Lo más sonado siempre es la purga fácil: utilizar la guillotina con el entrenador. Ya son dieciocho los cambios de entrenador que se han producido en Las Palmas en la última década, lo cual es fiel reflejo de lo caliente que es el asiento del banquillo grancanario y lo poco que duran los entrenadores que se sientan en él. Un proyecto como la permanencia necesita de resultados inmediatos para no caer en el infierno mientras que otro, como el ascenso, necesita cocerse a fuego lento y a largo plazo. Obviamente, todo tiene un límite y si el equipo se ve en posiciones de descenso en la jornada veinte, hay que actuar. Sin embargo, en la jornada nueve y a ocho puntos el objetivo inmediato, echar al entrenador sería abandonar a un equipo y obligarlo a empezar de cero cuando apenas se ha llegado a disputar un cuarto de temporada. Sería un error prematuro.

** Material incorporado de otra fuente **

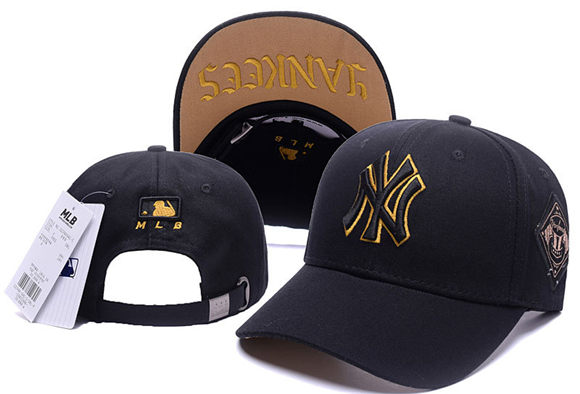MLB New York Yankees Stitched Snapback Hats 1 MLB New York Yankees Stitched Snapback Hats 1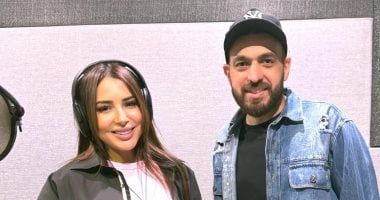 "بني آدمين".. ساندي تتعاون مع أحمد حسن راؤول في أغنية مختلفة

Claramente hace falta un cambio, sí. Pero quizá ese movimiento deba darse en el terreno de juego encadenando victorias y no acusando al entrenador de manera continúa. Quizá, apoyando más que nunca, el equipo saque esto adelante. Sabadell y Guadalajara parecen dos destinos asequibles para el cambio de tendencia ya sea para bien o para el mal definitivo.